[Opening Records for this task section]

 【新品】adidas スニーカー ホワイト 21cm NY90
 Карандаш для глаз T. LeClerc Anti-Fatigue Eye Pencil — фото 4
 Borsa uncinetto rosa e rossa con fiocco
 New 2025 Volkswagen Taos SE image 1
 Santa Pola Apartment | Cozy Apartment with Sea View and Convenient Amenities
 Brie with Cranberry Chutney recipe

[Closing Records for this task section]
[Opening Records for this task section]

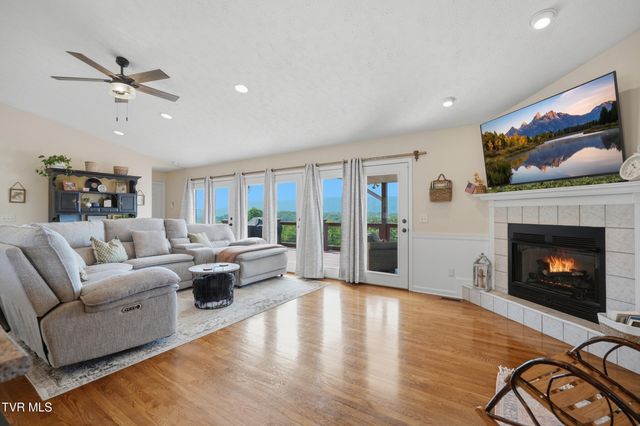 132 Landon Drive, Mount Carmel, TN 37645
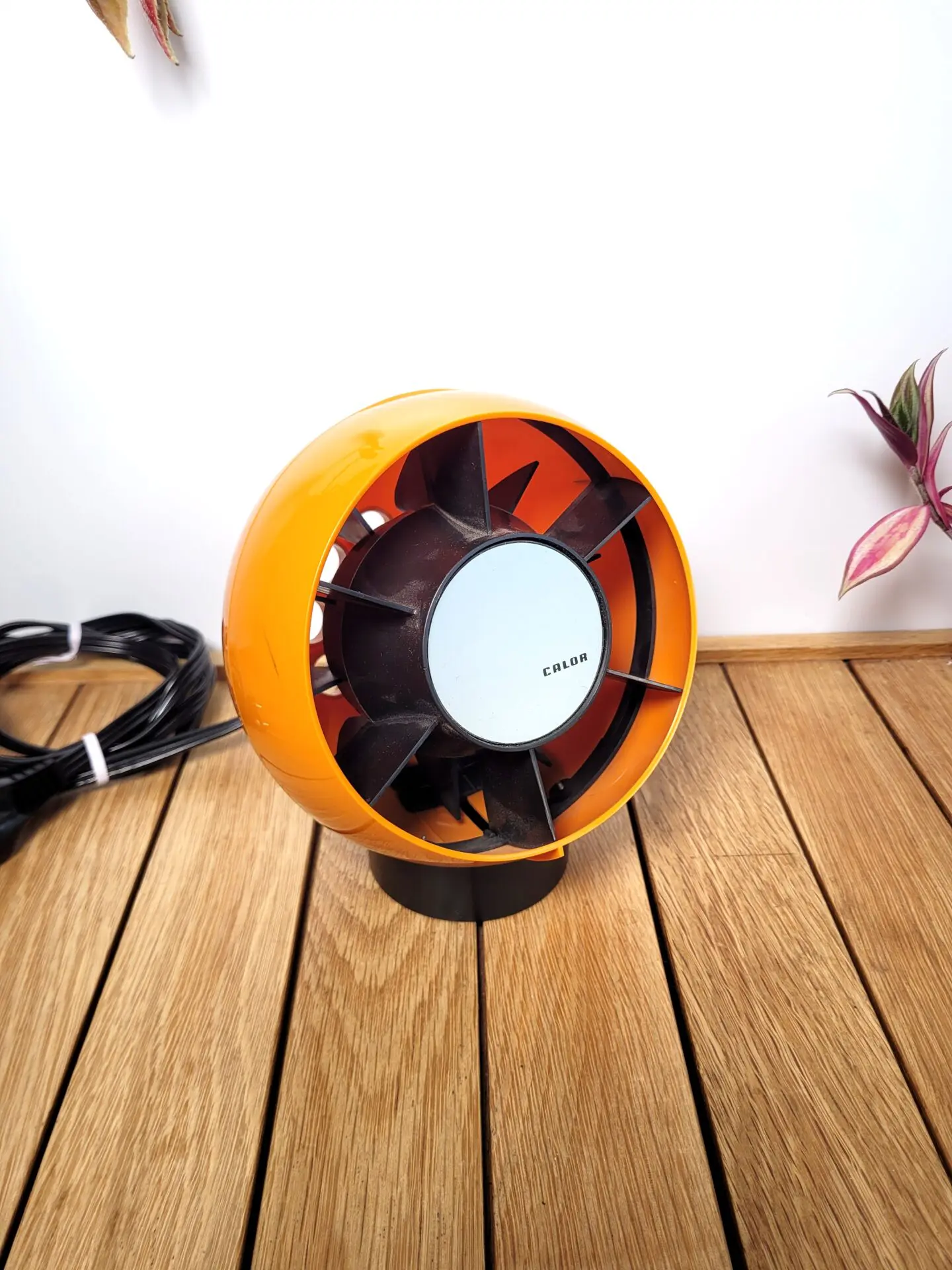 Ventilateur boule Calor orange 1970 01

[Closing Records for this task section]

### Task objective:
Taking the records above, retype every line from the one with "Santa Pola Apartment" down to the one with "Brie with Cranberry Chutney recipe", exactly and with nothing else.

### Written response:
 Santa Pola Apartment | Cozy Apartment with Sea View and Convenient Amenities
 Brie with Cranberry Chutney recipe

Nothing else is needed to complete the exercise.